━━━ Material to process ━━━

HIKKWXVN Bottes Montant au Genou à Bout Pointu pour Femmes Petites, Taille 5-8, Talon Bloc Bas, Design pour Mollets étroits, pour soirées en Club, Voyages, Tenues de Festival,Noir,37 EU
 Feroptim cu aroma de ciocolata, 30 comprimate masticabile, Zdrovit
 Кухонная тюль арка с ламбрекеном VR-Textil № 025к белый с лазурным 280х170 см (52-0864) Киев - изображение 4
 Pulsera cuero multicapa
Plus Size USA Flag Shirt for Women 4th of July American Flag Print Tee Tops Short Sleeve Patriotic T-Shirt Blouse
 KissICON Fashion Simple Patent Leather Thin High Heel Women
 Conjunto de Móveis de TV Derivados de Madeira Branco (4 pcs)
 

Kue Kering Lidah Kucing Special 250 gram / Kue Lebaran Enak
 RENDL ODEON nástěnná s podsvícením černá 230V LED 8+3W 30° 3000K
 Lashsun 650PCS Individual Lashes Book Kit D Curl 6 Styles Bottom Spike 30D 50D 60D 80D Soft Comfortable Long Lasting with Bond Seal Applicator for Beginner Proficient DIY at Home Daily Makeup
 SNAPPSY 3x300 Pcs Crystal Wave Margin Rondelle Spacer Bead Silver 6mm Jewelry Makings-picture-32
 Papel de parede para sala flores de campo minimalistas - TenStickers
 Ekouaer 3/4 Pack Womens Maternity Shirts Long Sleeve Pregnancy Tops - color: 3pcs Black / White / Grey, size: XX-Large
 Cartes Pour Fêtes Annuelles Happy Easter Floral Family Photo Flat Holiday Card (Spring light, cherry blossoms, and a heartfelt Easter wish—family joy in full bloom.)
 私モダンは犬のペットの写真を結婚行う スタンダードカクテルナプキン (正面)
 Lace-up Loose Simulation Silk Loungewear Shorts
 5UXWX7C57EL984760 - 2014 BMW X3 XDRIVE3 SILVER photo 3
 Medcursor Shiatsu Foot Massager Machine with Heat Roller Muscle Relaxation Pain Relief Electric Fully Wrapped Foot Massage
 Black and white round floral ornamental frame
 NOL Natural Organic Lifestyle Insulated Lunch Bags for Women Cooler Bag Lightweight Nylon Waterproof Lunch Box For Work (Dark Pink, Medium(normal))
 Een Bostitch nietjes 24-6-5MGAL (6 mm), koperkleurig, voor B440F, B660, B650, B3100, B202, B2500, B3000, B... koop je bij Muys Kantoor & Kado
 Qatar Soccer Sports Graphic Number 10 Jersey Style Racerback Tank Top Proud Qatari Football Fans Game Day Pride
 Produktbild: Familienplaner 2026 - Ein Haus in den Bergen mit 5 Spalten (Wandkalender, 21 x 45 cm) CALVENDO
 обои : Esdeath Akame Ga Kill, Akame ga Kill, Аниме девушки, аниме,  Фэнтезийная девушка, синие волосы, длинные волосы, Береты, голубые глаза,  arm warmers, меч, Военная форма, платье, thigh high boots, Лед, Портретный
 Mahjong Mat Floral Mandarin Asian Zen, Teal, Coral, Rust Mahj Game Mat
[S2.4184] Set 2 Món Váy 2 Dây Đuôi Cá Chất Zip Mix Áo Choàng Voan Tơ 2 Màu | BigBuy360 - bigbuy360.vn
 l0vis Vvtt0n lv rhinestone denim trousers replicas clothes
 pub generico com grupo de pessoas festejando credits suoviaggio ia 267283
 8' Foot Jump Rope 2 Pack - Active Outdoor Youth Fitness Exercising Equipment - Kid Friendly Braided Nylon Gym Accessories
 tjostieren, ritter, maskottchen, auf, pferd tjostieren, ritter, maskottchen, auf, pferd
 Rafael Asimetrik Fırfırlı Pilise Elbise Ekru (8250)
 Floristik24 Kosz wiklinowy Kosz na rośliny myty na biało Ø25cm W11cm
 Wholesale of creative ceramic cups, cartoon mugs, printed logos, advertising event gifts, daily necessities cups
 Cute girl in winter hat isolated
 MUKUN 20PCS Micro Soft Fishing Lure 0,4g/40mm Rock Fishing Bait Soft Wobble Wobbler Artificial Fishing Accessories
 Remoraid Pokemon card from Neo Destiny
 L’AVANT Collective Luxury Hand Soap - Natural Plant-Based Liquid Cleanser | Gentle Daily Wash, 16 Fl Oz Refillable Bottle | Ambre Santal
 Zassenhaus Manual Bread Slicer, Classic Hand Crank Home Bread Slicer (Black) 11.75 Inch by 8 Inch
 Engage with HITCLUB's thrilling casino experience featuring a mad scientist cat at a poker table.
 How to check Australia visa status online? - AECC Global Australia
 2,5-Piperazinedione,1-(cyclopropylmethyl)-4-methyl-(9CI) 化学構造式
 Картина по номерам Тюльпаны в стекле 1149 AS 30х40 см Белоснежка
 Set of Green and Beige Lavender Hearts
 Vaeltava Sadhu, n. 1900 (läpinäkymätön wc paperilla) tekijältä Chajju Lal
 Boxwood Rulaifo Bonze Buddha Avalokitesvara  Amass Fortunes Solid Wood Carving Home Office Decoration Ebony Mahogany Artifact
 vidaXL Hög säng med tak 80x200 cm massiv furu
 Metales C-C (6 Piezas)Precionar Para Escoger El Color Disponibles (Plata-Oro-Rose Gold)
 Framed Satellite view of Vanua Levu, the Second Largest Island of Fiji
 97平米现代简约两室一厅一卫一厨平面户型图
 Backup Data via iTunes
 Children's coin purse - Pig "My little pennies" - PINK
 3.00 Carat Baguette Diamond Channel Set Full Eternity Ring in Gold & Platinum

━━━

_Your instructions_. Pull every line containing "Tops" out of the records.

_Reply to the task_.
Plus Size USA Flag Shirt for Women 4th of July American Flag Print Tee Tops Short Sleeve Patriotic T-Shirt Blouse
 Ekouaer 3/4 Pack Womens Maternity Shirts Long Sleeve Pregnancy Tops - color: 3pcs Black / White / Grey, size: XX-Large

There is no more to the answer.